Dozens of people remain missing under the collapsed houses, which had provided shelter to many displaced families. Israel wants to turn Gaza City into a desert, and it will do so at any cost. A new shipment of Caterpillar D9 armored bulldozers, delivered by the United States, has already entered Gaza. They stand ready to level the rubble, making it forever impossible to recover the bodies and give an accurate count of the dead. Before the latest operation, many had moved west to the al-Shati refugee camp, hoping to one day return to their homes. Now, it is precisely there that Tel Aviv has intensified its attacks.

Ali Tayeh is an artist from Gaza City. He has been displaced several times with his wife Israa, also a painter, and their two-year-old daughter Misk. He had managed to return to his home, although it had been damaged, but when Tel Aviv launched its ground operation, they fled under a hail of gunfire. “Israel is blowing up large residential blocks with unprecedented intensity and a total lack of media coverage. The house right next to ours was completely destroyed,” he told us as he and his family made their way to al-Shati on the coast. He went back into the city only to retrieve what he could before moving on again. “I managed to survive, to escape the bombs and the gunfire, but I’m going south because it’s a catastrophe here.”

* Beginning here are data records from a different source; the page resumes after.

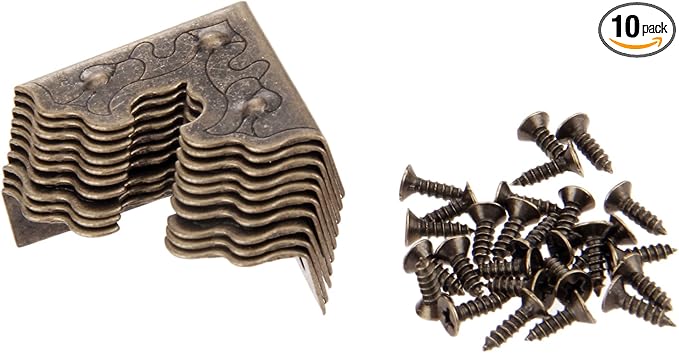 dophee 10Pcs Metal Decorative Corner Protectors, Vintage Style Edge Safety Guards Covers for Picture Frame Jewelry Box Gift Box Wooden Case Cabinet Furniture, Antique Bronze 0.98"x0.98"x0.35"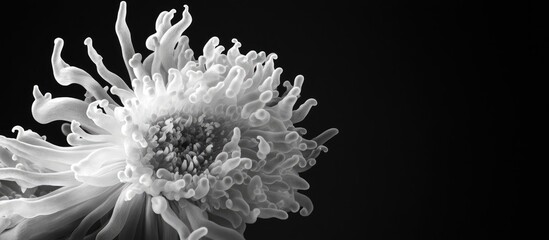 Leinwandbilder - Monochromatic close-up of a white anemone flower against a sleek black background showcasing intricate petal details and textures.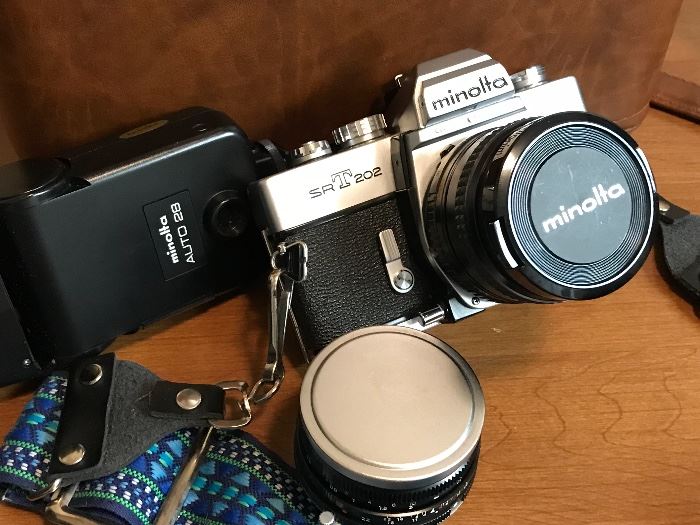 Vintage Minolta Film Camera & Lenses SRT202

The journey is extremely expensive and transport is scarce. Ali found a pickup truck for his family, but with no maintenance or spare parts available, the vehicle broke down, delaying them for a day. Eventually, they reached the Maghazi refugee camp in the central part of the Strip.

“It’s quiet here. Finally, we don’t hear the incessant noise of planes and gunfire. We haven’t slept for days and have spent the nights trying to calm our terrified daughter,” he told us. They don’t know if they’ll be able to stay in Maghazi or if they will be forced to move again, toward the crowded Mawasi area.

Meanwhile, those with no money or transportation have no choice but to remain in the urban area despite the evacuation order. “Every day, they’re killing us to force us to move south,” one witness told a journalist. “But we don’t have the money for it. All I have are the clothes I’m wearing.”

The hospitals cannot cope with the sheer number of wounded. Dr. Saya Aziz, an Australian anesthetist at al-Shifa Hospital, reported that as the bombings become more devastating, the number of amputations is rising, and waiting rooms are filling up with people with missing or dangling limbs. The doctor told Al-Jazeera that the operating room is full of flies and that they lack even the basic fluids to clean patients of blood and dust. The director of al-Shifa, Dr. Mohammad Abu Salmiya, said that available medical resources only cover less than 1% of the hospital’s needs. Overcrowded and without fuel or medicine, the hospitals in the Strip are close to shutting down.

In Gaza City on Tuesday, the Israeli army stormed the Jordanian field hospital and damaged the oxygen plant at al-Quds Hospital. The remaining oxygen tanks will last for only three days. The lack of food and medicine due to the Israeli blockade has caused the deaths of three more children at Nasser Hospital in Khan Younis.